Angela Merkel é uma das pessoas mais poderosas do mundo. Rupert Murdoch, o dono da News Corporation, é muito poderoso também.
Que Merkel tem o poder de definir o futuro da Europa é óbvio. Mas que Murdoch também vá exercer um papel central nessa definição, isso é menos óbvio. Mas possível.
Como é sabido, o primeiro-ministro britânico, David Cameron, acaba de anunciar que pretende submeter a plebiscito a permanência do Reino Unido na União Europeia.
Essa consulta popular seria realizada antes do final de 2017. Antes de fazê-la, Cameron vai tentar obter tanto concessões específicas para o Reino Unido como reformas amplas no modo em que opera o acordo entre os 27 países-membros.
Em particular, Cameron indicou que deseja recuperar o poder de tomar em seu país decisões que agora são tomadas em Bruxelas pelos órgãos da União Europeia. Desde a agricultura e a pesca à política social, desde as normas do setor financeiro e do ambiente às políticas de imigração e defesa, Cameron pretende iniciar uma negociação ampla e ambiciosa com a Europa.
As interpretações sobre quais são os objetivos de Cameron e as consequências de sua iniciativa audaz são muitas e variadas.
Para alguns, é uma artimanha transparente para separar-se de uma Europa enfraquecida pela crise e com seu peso no mundo diminuído. Para outros, seria uma tentativa de extorquir a Europa para obter vantagens. E para outros ainda, como o ex-vice-chanceler alemão Joschka Fischer, trata-se simplesmente de uma loucura que não convém nem ao Reino Unido nem à Europa e que atende apenas a interesses particulares e aos cálculos políticos míopes de Cameron.
Um ou outro
Há também quem pense que, para os britânicos, o custo de sair da UE seria proibitivamente alto e que, no final, a maioria deles não votará pela saída. Esta última possibilidade supõe, é claro, que a opinião pública britânica será informada de modo imparcial e completo sobre os custos e benefícios de continuar ou não a fazer parte da UE.

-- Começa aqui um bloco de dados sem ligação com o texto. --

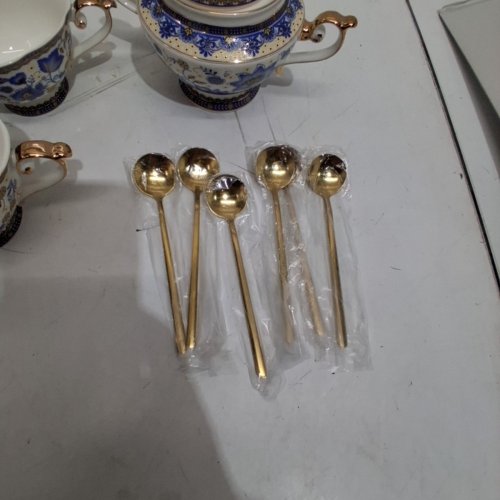 21PC ACMLIFE BONE CHINA FLORAL TEA SET WITH TEAPOT, CUPS, SAUCER, CREAMER, SUGAR BOWL AND SPOONS - BLUE, WHITE AND GOLD image 3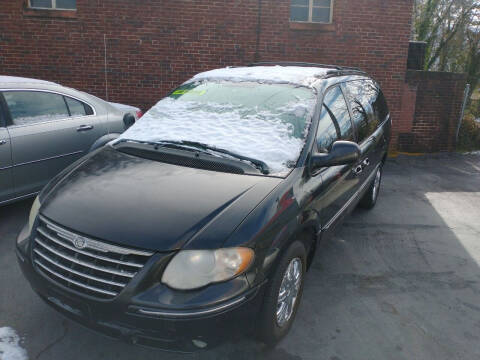 2007 Chrysler Town and Country for sale at Williamson's Auto Inc in Burlington NC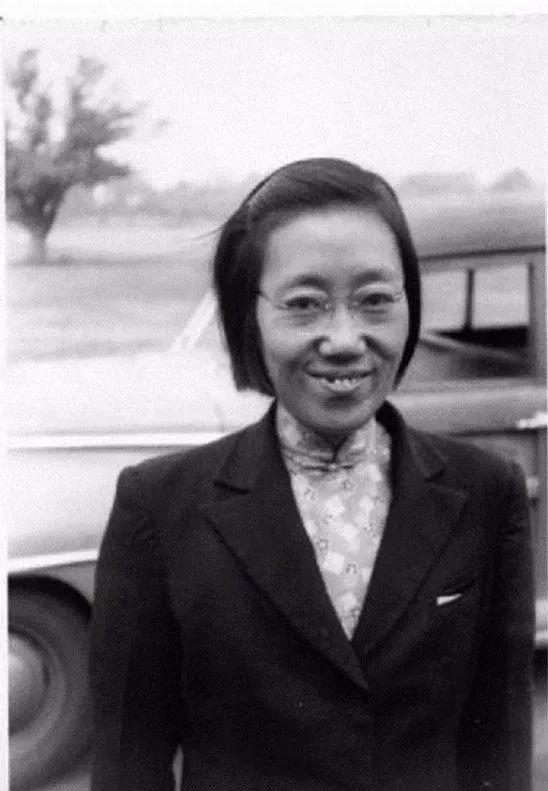 640A194NE0V.jpg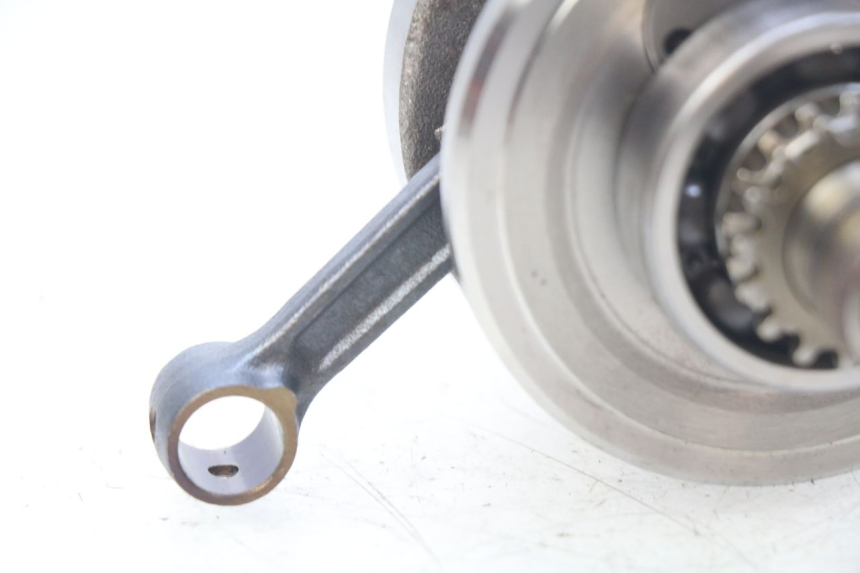 photo de WAŁ KORBOWY KYMCO AGILITY 4T 50 (2005 - 2018) - Inny kąt widzenia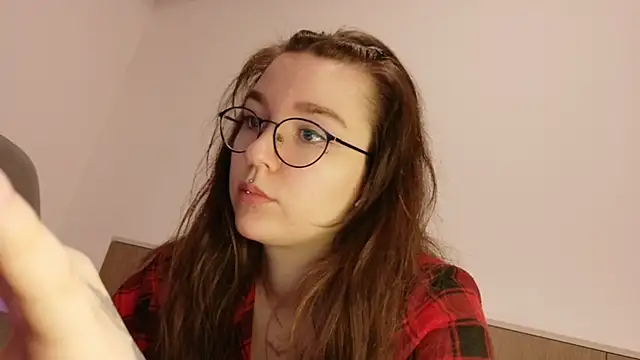 Snapshot of BeeBlossom chatting on November 2025 03:23:01 PM BeeBlossom online show from November 2025 03:23:01 PM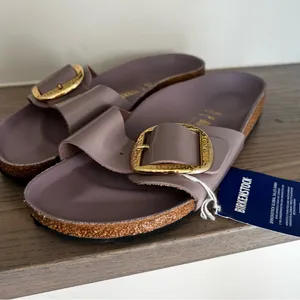 NWT Birkenstock Free People Madrid Hammered Big Buckle High Shine Faded Purple thumbnail 3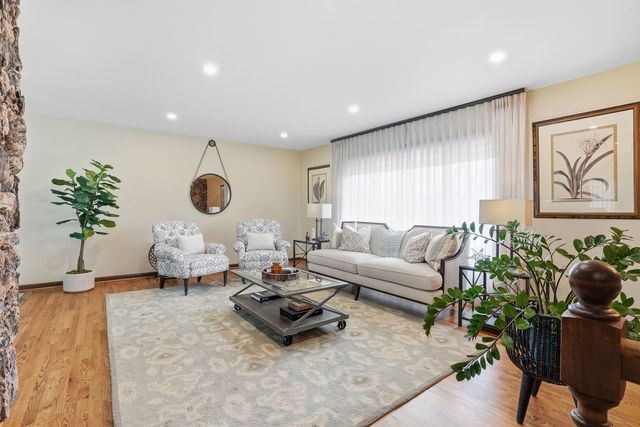 1308 E Thayer Street, Mount Prospect, IL 60056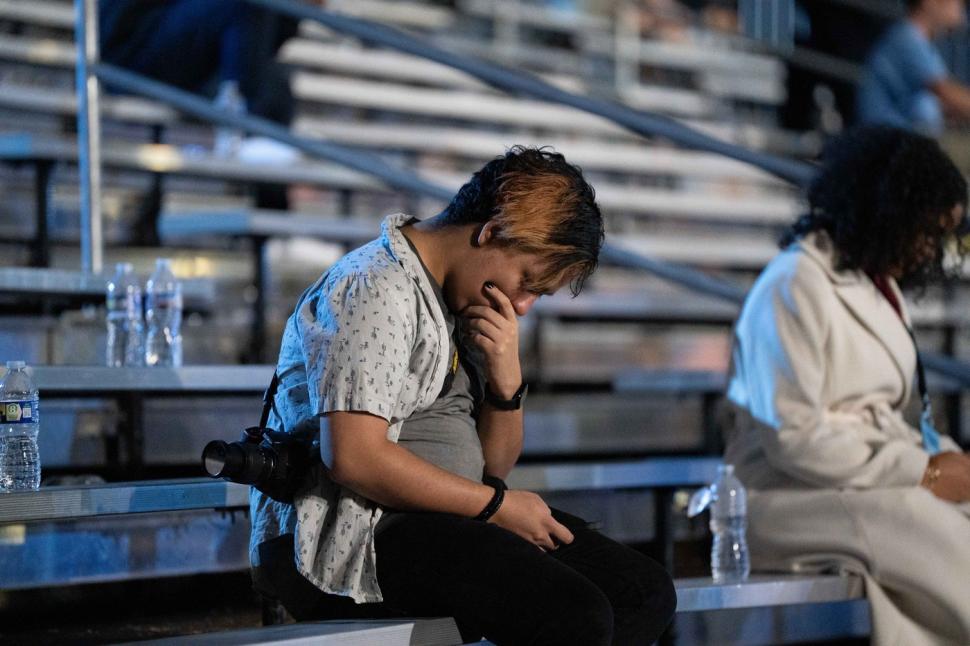 America, ruptă în două. Imagini cu dezastrul din tabăra Kamalei Harris și extazul susținătorilor lui Trump  933658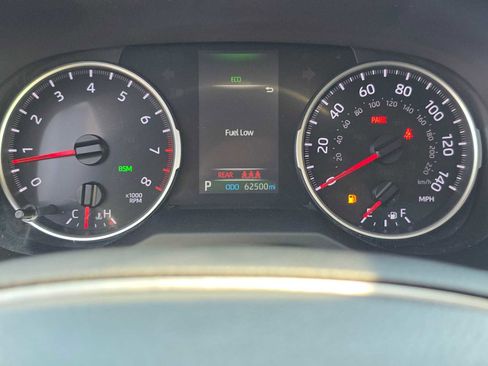 Used 2022 Toyota RAV4 XLE Premium image 49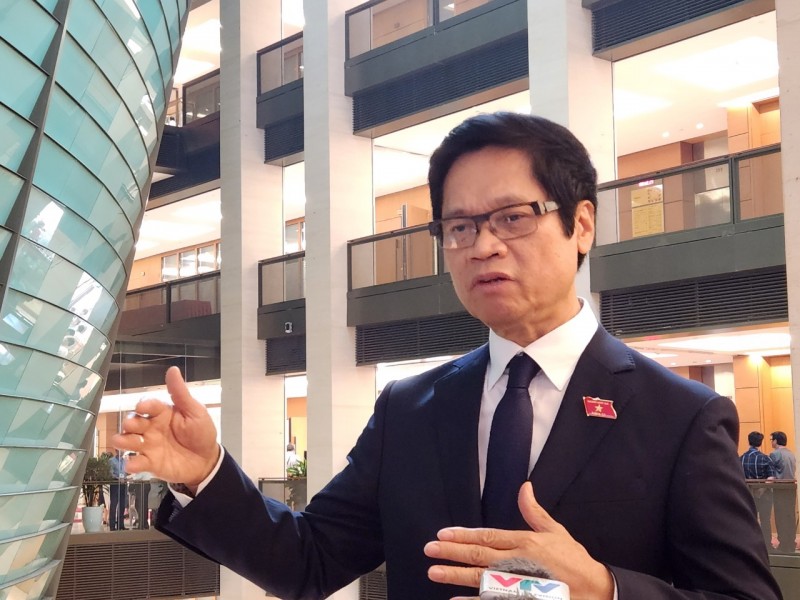 Đại biểu Vũ Tiến Lộc chia sẻ bên hành lang Quốc hội về dự thảo Luật Đất đai (sửa đổi)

Até agora, não tem sido assim. Os tabloides britânicos de Murdoch têm mostrado uma furibunda e, com frequência, tendenciosa oposição à integração com a Europa. E não são apenas os tabloides de Murdoch.
Do outro lado de tudo isso está Angela Merkel, que certamente vai fazer tudo o que estiver ao seu alcance para não ficar na história como a líder sob cujo mandato o projeto de unificar a Europa fracassou.
Apesar de o continente poder continuar sua integração sem a participação do Reino Unido, não há dúvida de que a saída dos britânicos seria um golpe sério.
Além disso, se o plebiscito de 2017 resultar nisso, os movimentos anti-integracionistas de outros países europeus ganharão força, podendo até mesmo produzir-se por contágio uma série de referendos de ânimo separatista em todo o continente.
Por essa e por outras razões muito boas, Merkel fará o possível para impedir a saída do Reino Unido.
Veremos quem tem mais poder, a chanceler ou o magnata da mídia.